Because of the language and writing and text differences between the sections I believe you would get more meaningful results if you were to perform your analysis separately for each of the main work groups

Herbal A1
Herbal B2
Pharma A1
Quire 13
Quire 20

RE: Why and how the text could be Bavarian - JoJo_Jost - 03-05-2026

@ dashstofsk

I’ve done a lot of other tests as well, with many more results, but I think that would take us too far afield here. But you’re right, of course - there are clear differences both across the different sections and in the language (A/B). Though we have to be careful here. It’s not exactly simple and can get very complex fast.
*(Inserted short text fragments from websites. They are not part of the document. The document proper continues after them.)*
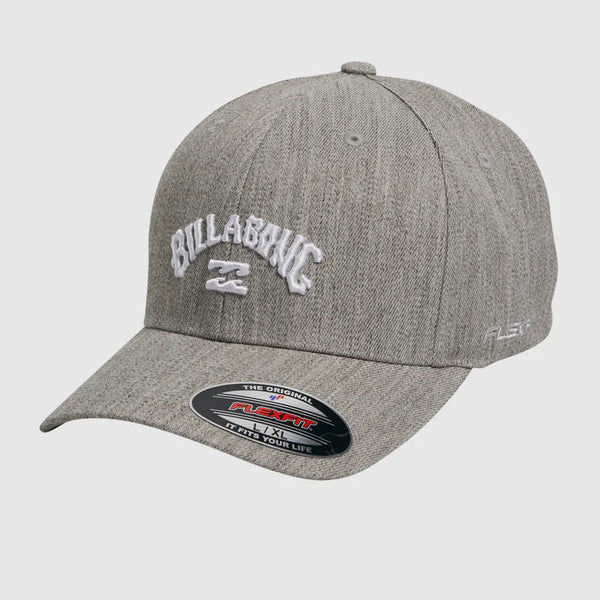 Billabong Arch Flexfit Cap Grå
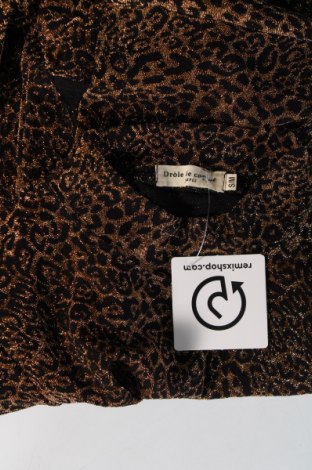 Γυναικεία μπλούζα Drole De Copine, Μέγεθος S, Χρώμα Πολύχρωμο, Τιμή 1,65 €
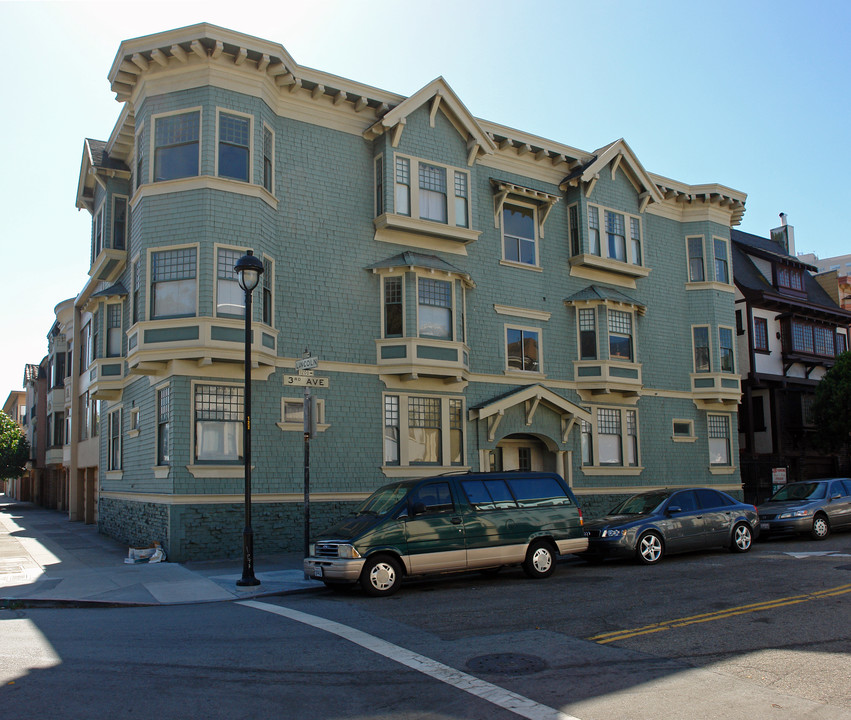 1200 3rd Ave in San Francisco, CA - Foto de edificio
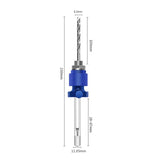 Professional Hole Saw Kit  Quick Release Metal Drill Set - Product detail 13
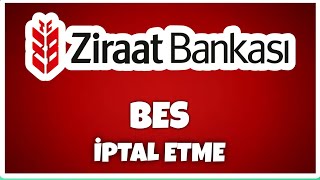 Ziraat Bankası Bireysel Emeklilik Bes Nasıl İptal Edilir [upl. by Naillimxam107]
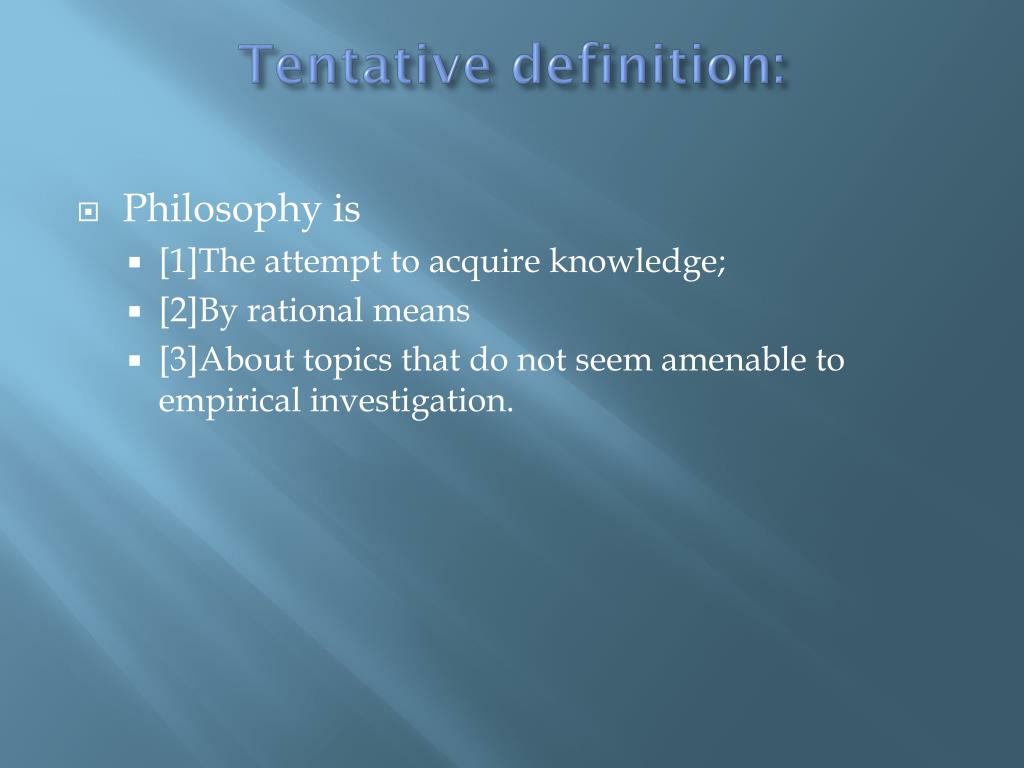 PPT - What is philosophy? PowerPoint Presentation, free download - ID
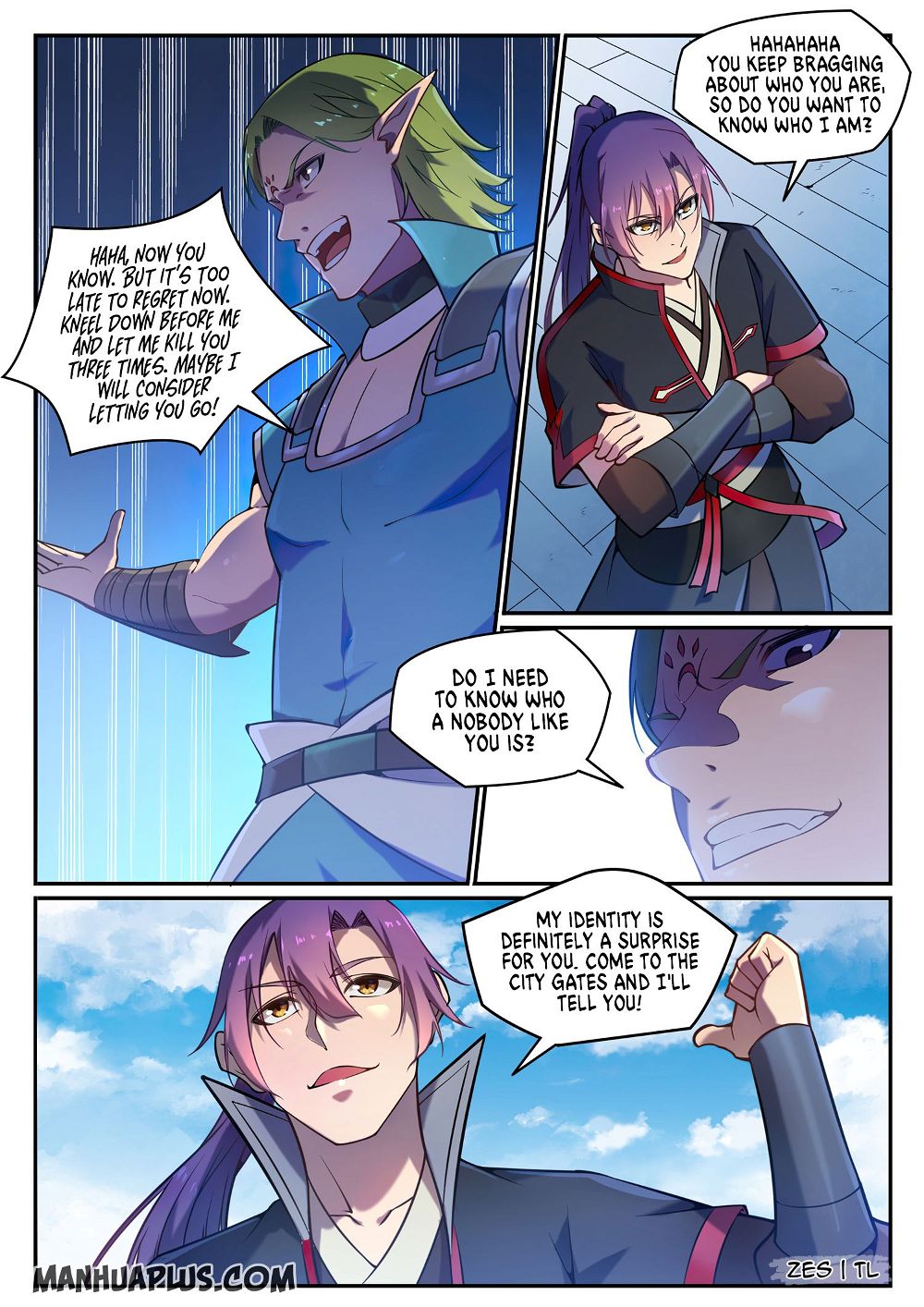 Read Apotheosis Manga Online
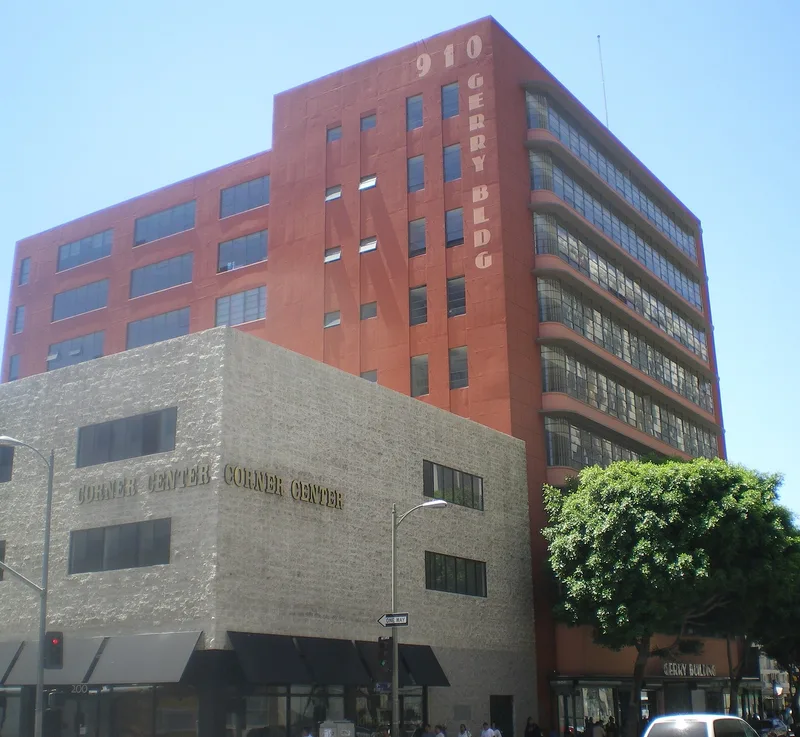 Gerry Building, Los Angeles, California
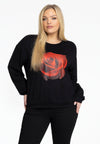 Sweater ROSE - red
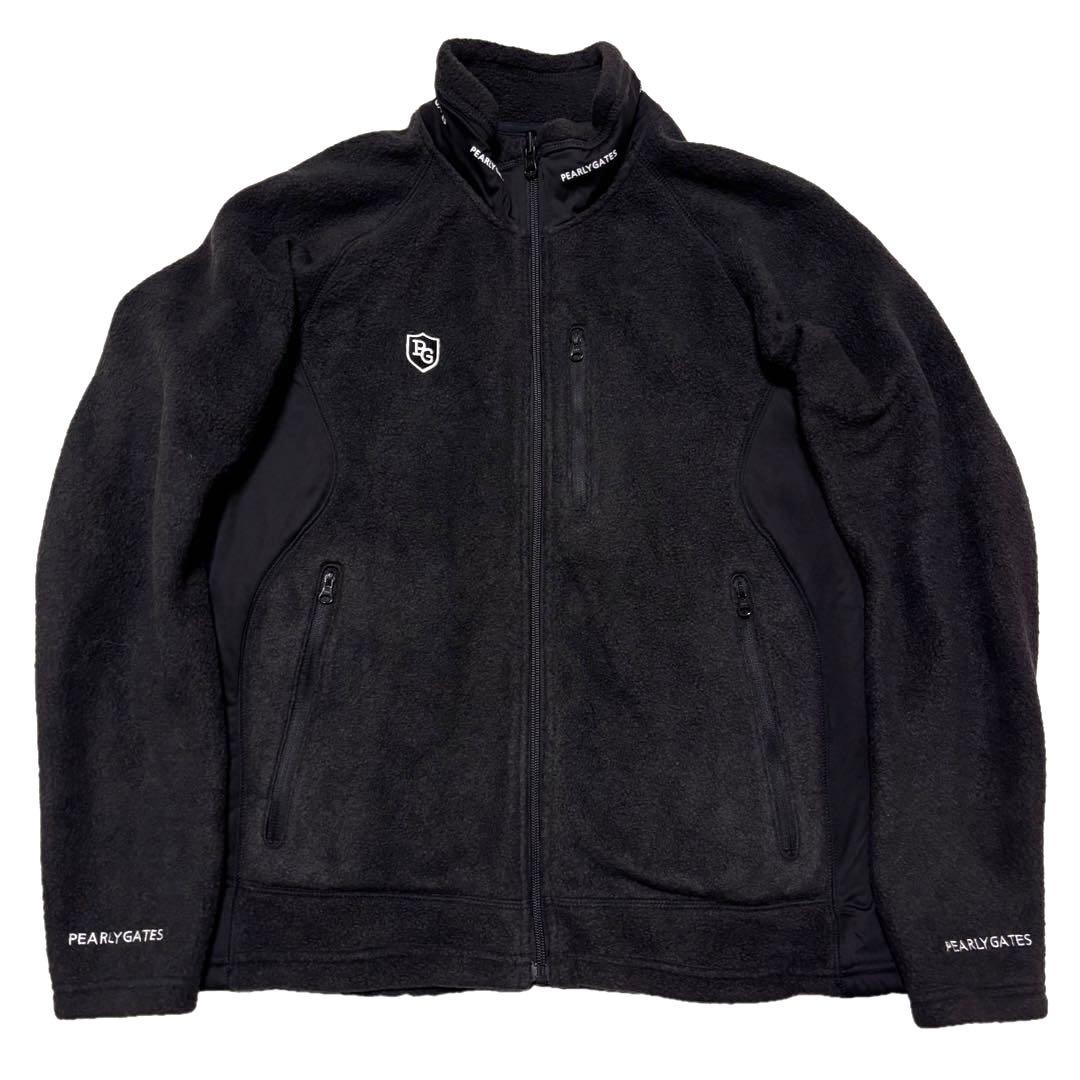 ✨美品✨PEARLY GATES 4way ブルゾン カモフラ バッグロゴ M - メルカリ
But in this thread, I’m more interested in the question of what the core elements are - in other words, the bigger picture. I’m looking for an anchor to crack the text. So the question is: Why are there line-start markers- why line-end markers, and perhaps even paragraph-end markers (I still need to test the latter more closely).

What is the background behind this structure? How can it be explained without having to resort to anachronistic ciphers?

I now have an initial idea of how this could be represented using 15th-century methods, but I’m still in the middle of testing that - yet the problem remains that we really know nothing about the underlying language, if indeed there is one.

RE: Why and how the text could be Bavarian - tavie - 03-05-2026

I'll get back to you on the rest - but I'd like to second dashstofsk's question on the p-start percentage thing. They do look weird. Can you explain where the 36.4% is coming from for okain's 12 line end instances, or the 22.2% for otedy's 10 instances?